VYPR
← All advisories
Unrated severityNVD Advisory· Published Jun 4, 2026· Updated Jun 4, 2026

CVE-2026-36182

CVE-2026-36182

Description

GNCC GP5 v7.1.76 uses weak MD5 hashing for root passwords, enabling bruteforce attacks to gain root privileges.

AI Insight

LLM-synthesized narrative grounded in this CVE's description and references.

GNCC GP5 v7.1.76 uses weak MD5 hashing for root passwords, enabling bruteforce attacks to gain root privileges.

Vulnerability

The GNCC GP5 indoor camera, specifically firmware version 7.1.76, utilizes a weak hashing algorithm, MD5, to protect the root password. This vulnerability is present on the T23 platform and potentially affects similar models [1].

Exploitation

An attacker with physical access to the device can exploit this vulnerability. By chaining this with other vulnerabilities, such as a U-Boot bypass, an attacker can potentially obtain the root password hash and then use a bruteforce attack to recover the credentials [1].

Impact

Successful exploitation allows an attacker to obtain root credentials, granting them full root access and privileges on the device. This could lead to a complete compromise of the camera's functionality and any data it processes or transmits [1].

Mitigation

This vulnerability is currently unpatched. The vendor has not responded to vulnerability disclosure efforts. No workarounds or fixed versions are available at this time [1].

References
  1. IoT-Vulnerability-Research-Public/GNCC-GP5-T23/README.md at main · BadChemical/IoT-Vulnerability-Research-Public

AI Insight generated on Jun 4, 2026. Synthesized from this CVE's description and the cited reference URLs; citations are validated against the source bundle.

Affected products

2

Patches

0

No patches discovered yet.

Vulnerability mechanics

Root cause

"The system uses a weak hashing algorithm (MD5) for storing the root password, making it vulnerable to brute-force attacks."

Attack vector

An attacker with physical access to the device can exploit this vulnerability.
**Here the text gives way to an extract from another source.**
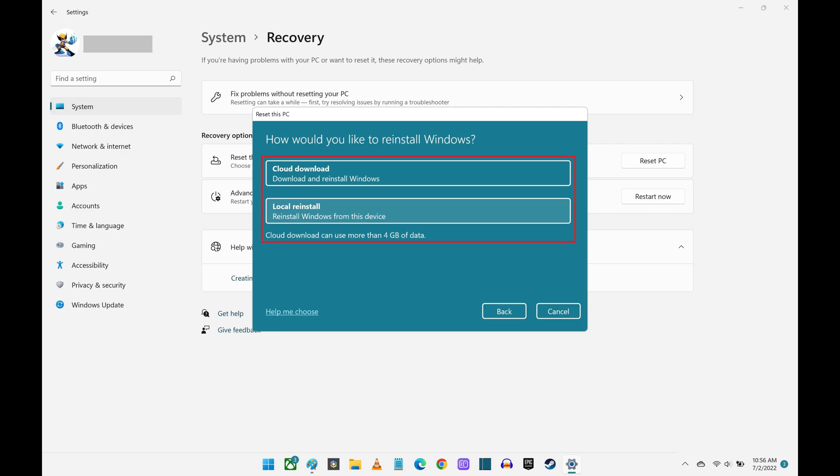The next screen asks whether you want to reinstall Windows from the cloud or locally from your device. If you choose the local reinstall, the process will go faster, but if you choose the cloud download, you can be sure you'll get the latest version of Windows 11, and you won't be missing any updates.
By accessing the system's filesystem, they can locate the stored password hash. Subsequently, they can perform a brute-force attack against this weak hash to recover the root password and gain elevated privileges. [ref_id=1]

Affected code

The vulnerability lies in the system's method of storing the root password, which utilizes MD5 hashing. This weak cryptographic storage is detailed in the vulnerability breakdown. [ref_id=1]

What the fix does

The advisory does not specify a patch or provide remediation guidance for this vulnerability. Therefore, the vendor has not addressed the insecure system password hashing mechanism. The advisory indicates the vulnerability remains unpatched. [ref_id=1]

Preconditions

  • inputPhysical access to the device is required to access the filesystem and retrieve the password hash. [ref_id=1]

Generated on Jun 4, 2026. Inputs: CWE entries + fix-commit diffs from this CVE's patches. Citations validated against bundle.

References

3

News mentions

0

No linked articles in our index yet.